Material provided
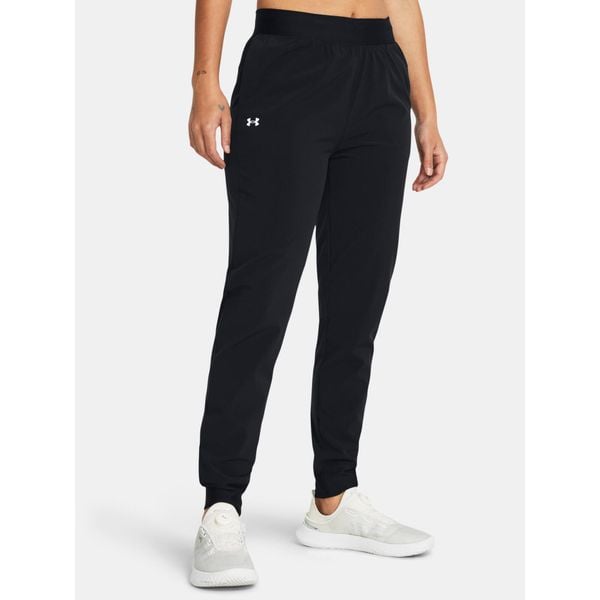 Spodnie treningowe damskie Under Armour Sport High Rise Woven. Czarne spodnie dresowe damskie Under Armour, s, bez wzorów. Za 169.99 zł.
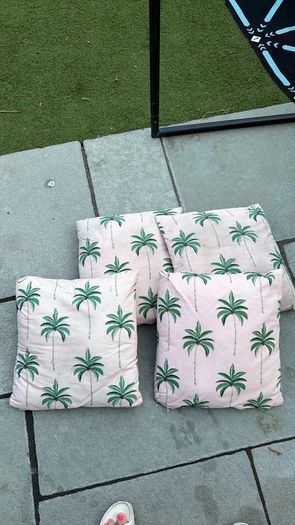 Outdoor cushions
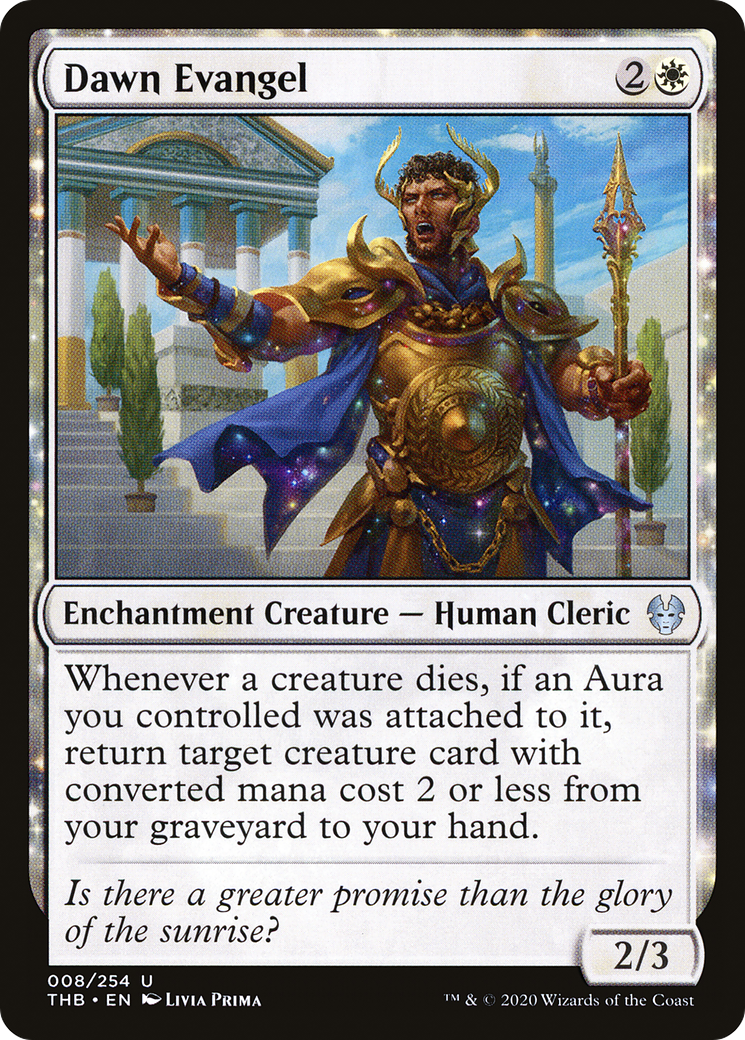Dawn Evangel (THB-008) [Theros Beyond Death] Foil MTG Single Wizards of the Coast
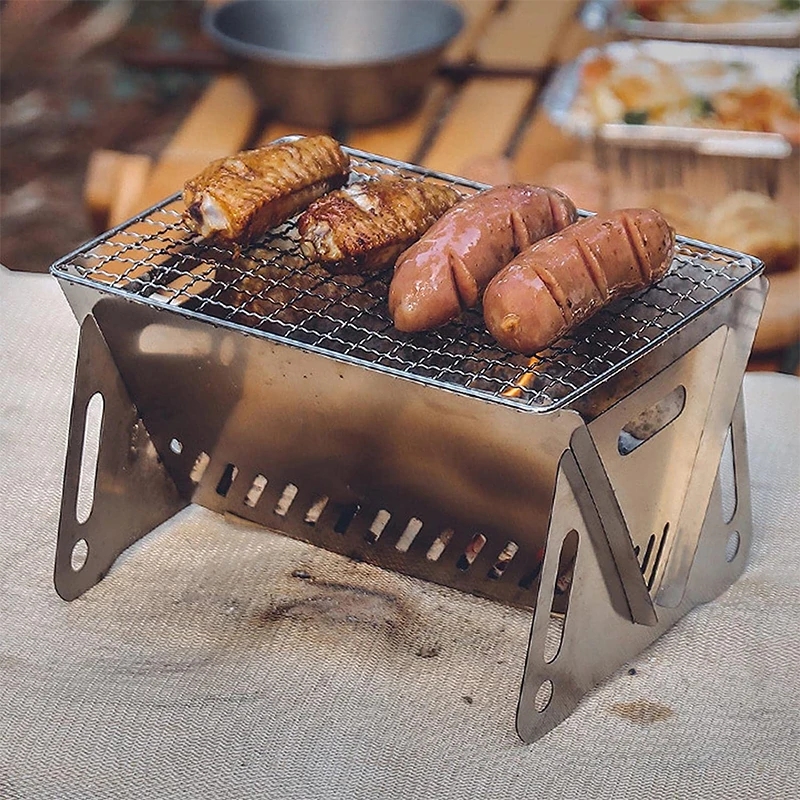 Foldable Stainless steel Grill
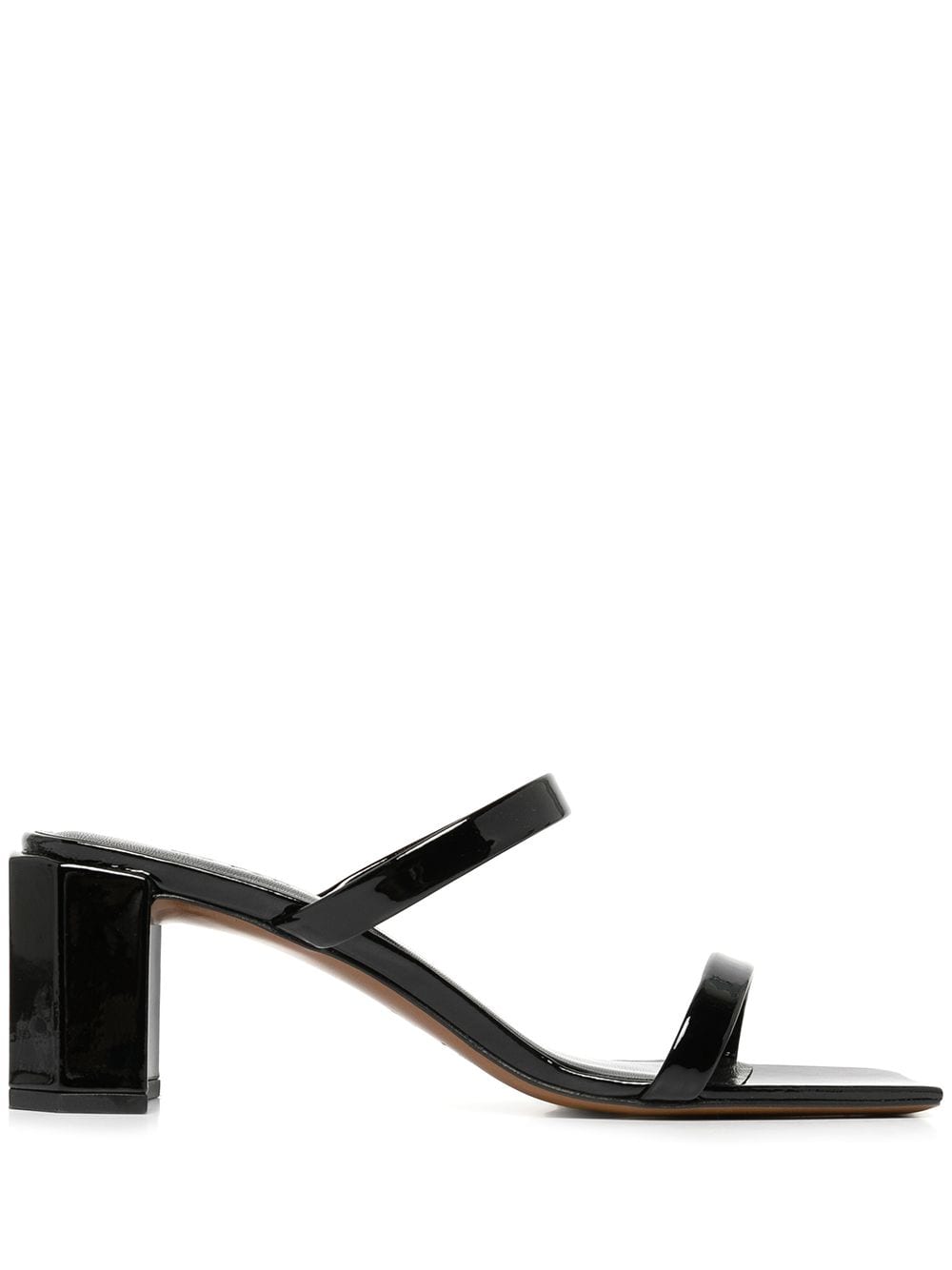 BY FAR Tanya patent leather sandals - Black von BY FAR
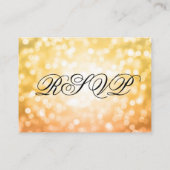 結婚のウェブサイトRSVP秋/秋グリッターライト エンクロージャーカード (裏面)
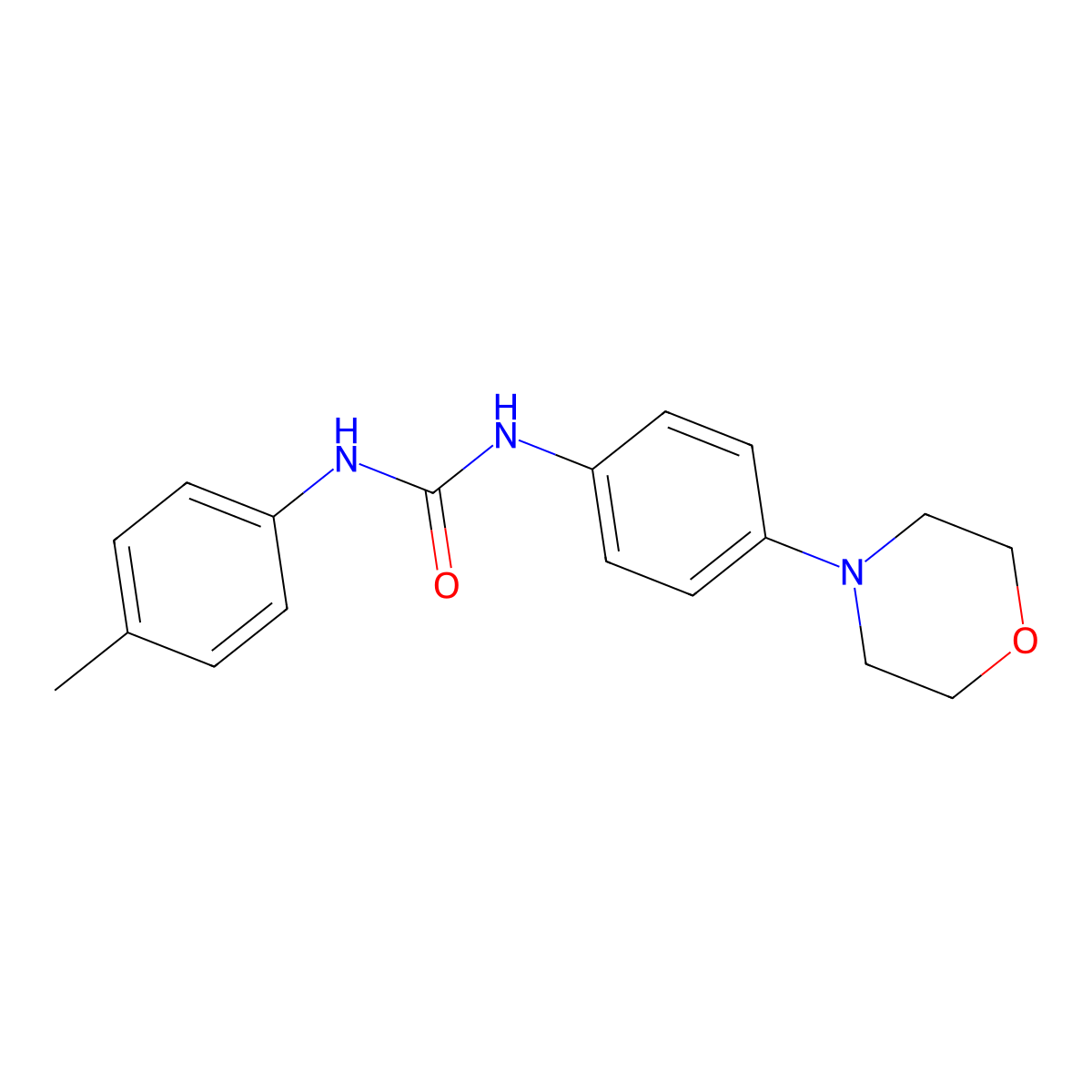 1-(4-Morpholinophenyl)-3-(p-tolyl)urea molecular structure, CAS 749890-66-2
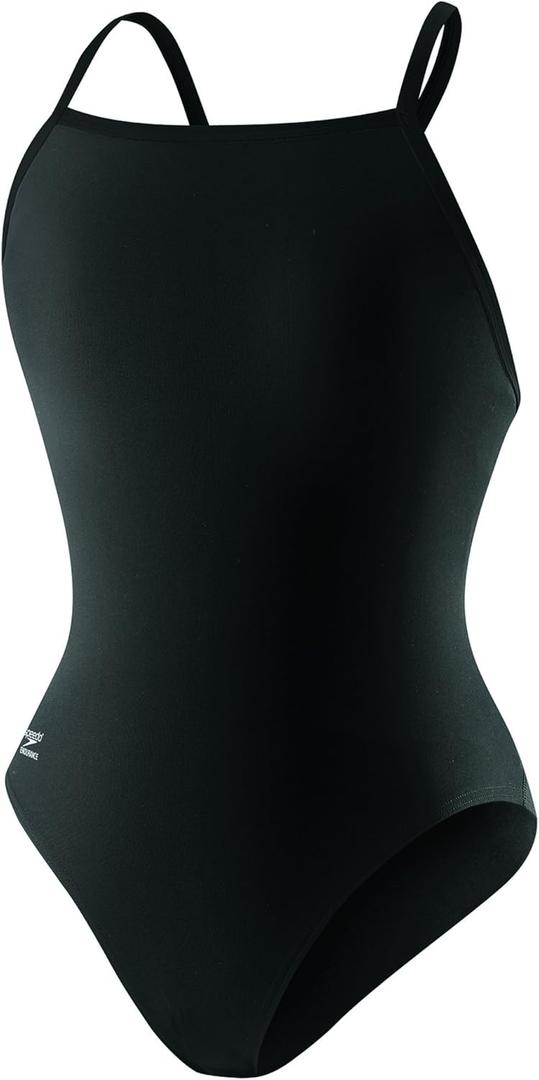 Speedo Swimsuit One Piece Endurance+ Flyback Solid Youth Team Colors,Size 6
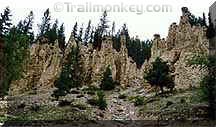 Hoodoos in Yoho are incredible!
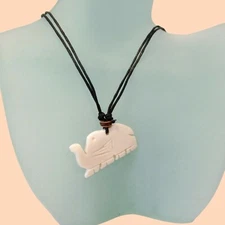 WHOLESALE LOT 20PCS Elephant Faux Bone Pendant Necklaces Adjustable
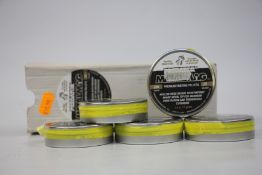 5 X AS NEW TINS OF .22 PREDATOR METALMAG HOLLOW HEAD PREMIUM HUNTING PELLETS.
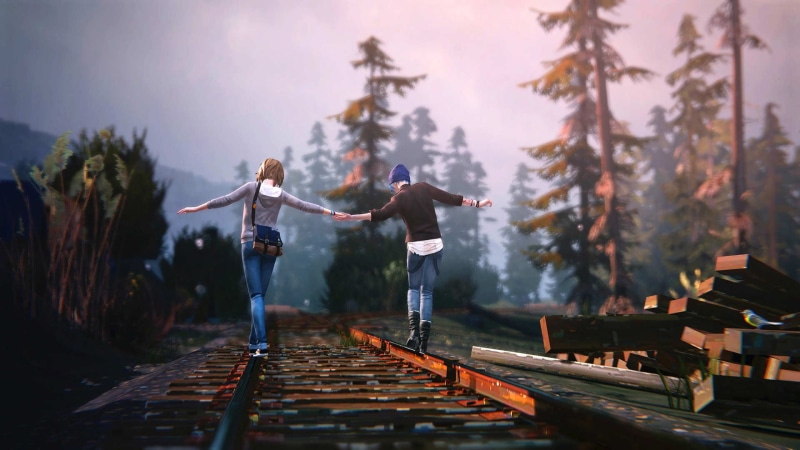 plant, bonding, sky, nature, Max Caulfield, Chloe Price, human arm, men, togetherness, tree, adult, day, 1080P, outdoors, architecture, women, people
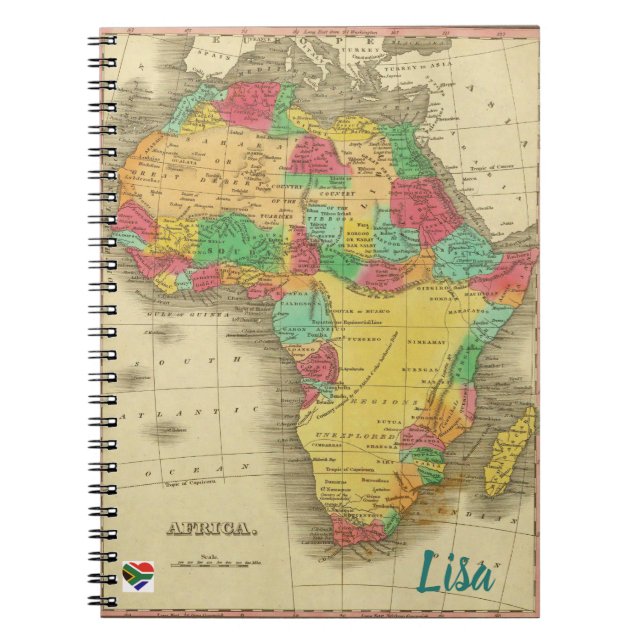 Amour de journal/de carnet de l'Afrique (Devant)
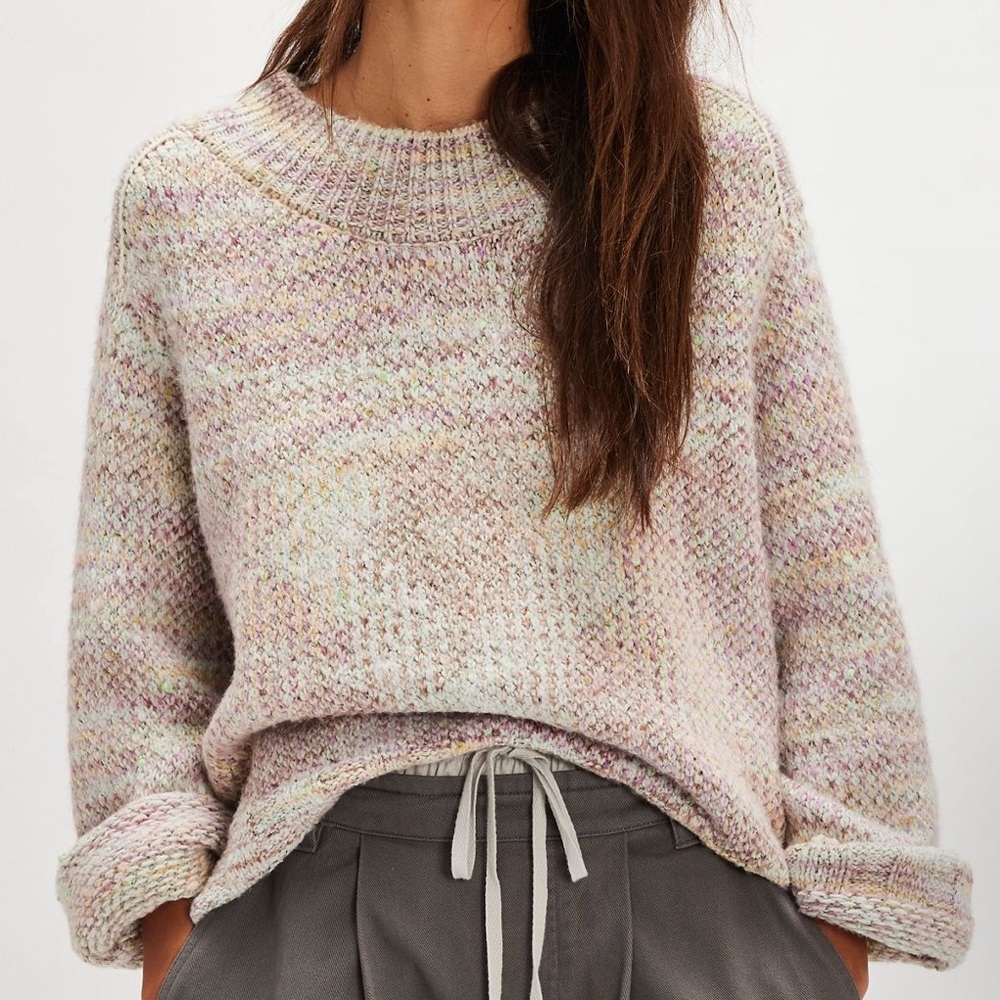 Free People Cotton Candy Pullover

Aim of the exercise
The records above are to be transcribed word for word. Skip the images.

Task output
 Spodnie treningowe damskie Under Armour Sport High Rise Woven. Czarne spodnie dresowe damskie Under Armour, s, bez wzorów. Za 169.99 zł.
 Outdoor cushions
Dawn Evangel (THB-008) [Theros Beyond Death] Foil MTG Single Wizards of the Coast
 Foldable Stainless steel Grill
 BY FAR Tanya patent leather sandals - Black von BY FAR
 結婚のウェブサイトRSVP秋/秋グリッターライト エンクロージャーカード (裏面)
 1-(4-Morpholinophenyl)-3-(p-tolyl)urea molecular structure, CAS 749890-66-2
 Speedo Swimsuit One Piece Endurance+ Flyback Solid Youth Team Colors,Size 6
 Hoodoos in Yoho are incredible!
 WHOLESALE LOT 20PCS Elephant Faux Bone Pendant Necklaces Adjustable
 5 X AS NEW TINS OF .22 PREDATOR METALMAG HOLLOW HEAD PREMIUM HUNTING PELLETS.
 plant, bonding, sky, nature, Max Caulfield, Chloe Price, human arm, men, togetherness, tree, adult, day, 1080P, outdoors, architecture, women, people
 Amour de journal/de carnet de l'Afrique (Devant)
 Free People Cotton Candy Pullover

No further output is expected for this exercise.